Aun cuando en el marco de la actuación quepa distinguir entre lo que procede sólo de la naturaleza y lo que posee estrictamente estructura personal, en el ego sujeto, uno e idéntico, ambos comportamientos se integran. El momento natural de la tendencialidad y de la capacidad psicomotora y el momento personal activo de la autodeterminacin confluyen en el único dinamismo del sujeto uno y diferenciado. Mientras la naturaleza se corresponde con la especificación necesaria de las operaciones, la persona se hace manifiesta para sí en la autodeterminacin, no de un modo cognoscitivo-reflejo, sino a través del trascenderle o ser en vista de lo que aún no es. En el “yo quiero”, en efecto, el sí mismo es objetivado indirectamente como aquél para quien se quiere tal o cual determinacin; la voluntad patentiza, así, doblemente, la identidad del sujeto singular -que se hace explícito como un yo- y la unidad tendencial, expresiva de la naturaleza, que se reagrupa en torno al término del querer.
En el seno de este componente natural inseparable de la persona se inscribe la condición corpórea del hombre. Tal como ha resaltado la Filosofía contemporánea, el hombre es “íªtre-au-monde” (G. Marcel) o “sein-in-der-Welt” (M. Heidegger). La mundaneidad no es una característica externa, que se limite a advenirle, sino que forma parte de su propia condición humana a través del cuerpo. Por medio de ella se hace posible el estar situado, como base de las significaciones variables y esencialmente ocasionales que en cada caso adjudico a las correlaciones “derecha-izquierda”, “delante-detrás”, “encima-debajo”… Más aún: incluso la atribución de estos mismos predicados a los objetos mundanales acaba remitiendo a la posición corpóreo-mundana de uno mismo. Pues es claro que las remitencias significativas entre los diversos utensilios se apoya en último término en su uso y situación respecto del sujeto corpóreo. Tengo el martillo, que sirve para sujetar el clavo para colgar el cuadro para ponerlo en tal o cual posición en función de mi habitáculo vital. 0 bien: La habitación tiene la mesa, la mesa tiene a la bandeja, que a su vez tiene el vaso de agua…. pero son todas ellas expresiones traslaticias del tener, que se apoyan en las relaciones que yo mismo sostengo por medio del habitar. La condición de habitable que corresponde al ser humano corpóreo es previa a las diversas formas de tener.
Una consecuencia se desprende de aquí: no dispongo de mi cuerpo como de una cosa tenida, sino que soy corpóreo, de lo cual deriva inmediatamente el habitar y mediatamente las tenencias, tanto las que me corresponden como sujeto como aquellas otras por las que refiero unos instrumentos a otros. Mientras para el animal el organismo que él es ejerce a la vez como instrumento para sus diversas relaciones con el entorno, el hombre confía la instrumentalidad a los diversos objetos mundanos que él mismo prepara, y reserva para el cuerpo la condición de medio expresivo de su propio ser. Sucede, de este modo, que vemos la cólera en los gestos faciales, vemos la habilidad expresada en los movimientos de las manos, o presenciamos el discurrir en la posición de la mano sobre la mejilla.

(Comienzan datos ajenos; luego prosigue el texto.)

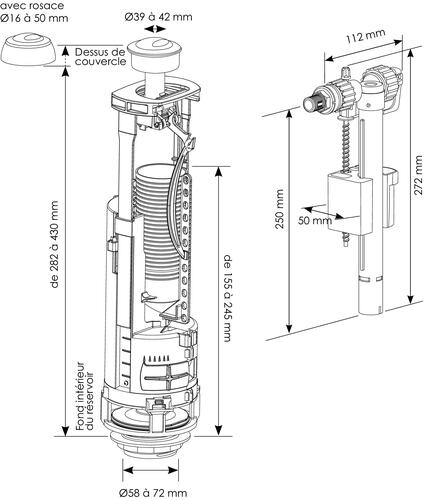 Mécanisme WC - Soupape double poussoir à câble + Robinet flotteur  réversible - Hydrocable - FixoConnect - Ayor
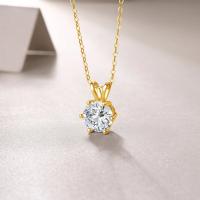 Collares con colgante de diamantes de moissanita de oro auténtico de 14k con cadena de plata de ley 925 para mujer, regalos de compromiso de boda y San Valentín - details 6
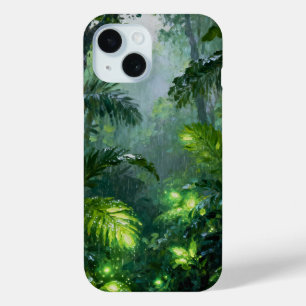 The Emerald Luminescence: A Whispering Rainfall iPhone 15 Case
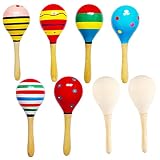 Darovly 6Pcs Fiesta Wooden Maracas(Random Color) + 2Pcs DIY Wood Maracas Unfinished Hand Painted Mar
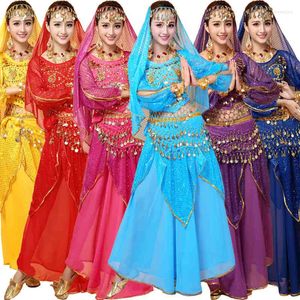 Стадия ношения 4pcs sets India Egypt Belly Dance Costumes Болливуд платье для живота. Леди танцует высокое качество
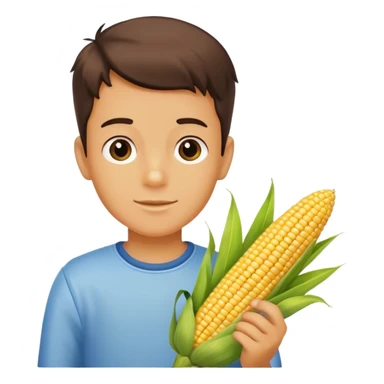 boy with corn onnhis hand sticker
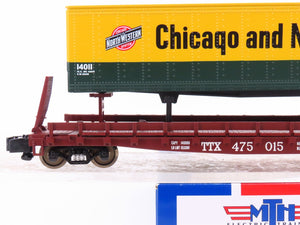 S Scale MTH 35-76001 TTX Flatcar #475015 w/45' Chicago Northwestern Trailer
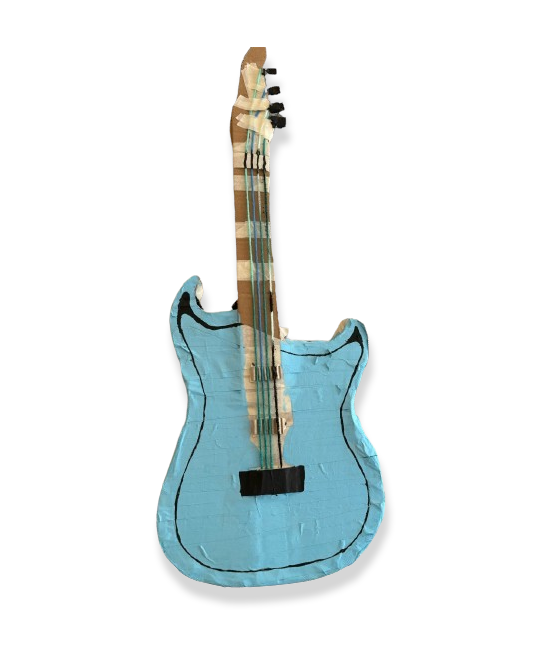 Artwork of a blue cardboard guitar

La dignidad de la persona lo es indisociablemente de su cuerpo. La persona se incorpora cada vez que toma una u otra decisión. Entabla las distintas relaciones con el medio social y político desde su situación corpórea. E, igual que antes, estas relaciones no le son meramente adventicias, sino que la muestran en sus aplicaciones y permiten su despliegue. Los lazos sociales, en efecto, a la vez que son índice de las dependencias y menesterosidades de la persona, le hacen posible también la mayor diferenciación y consolidación de su ego. Por esto, damos constancia de la identidad de un sujeto relacionalmente, como “hijo de”, “de tal nacionalidad”, “con tales capacidades para”…, tanto más inconfundible cuanto mas arraigadas sean las relaciones descritas.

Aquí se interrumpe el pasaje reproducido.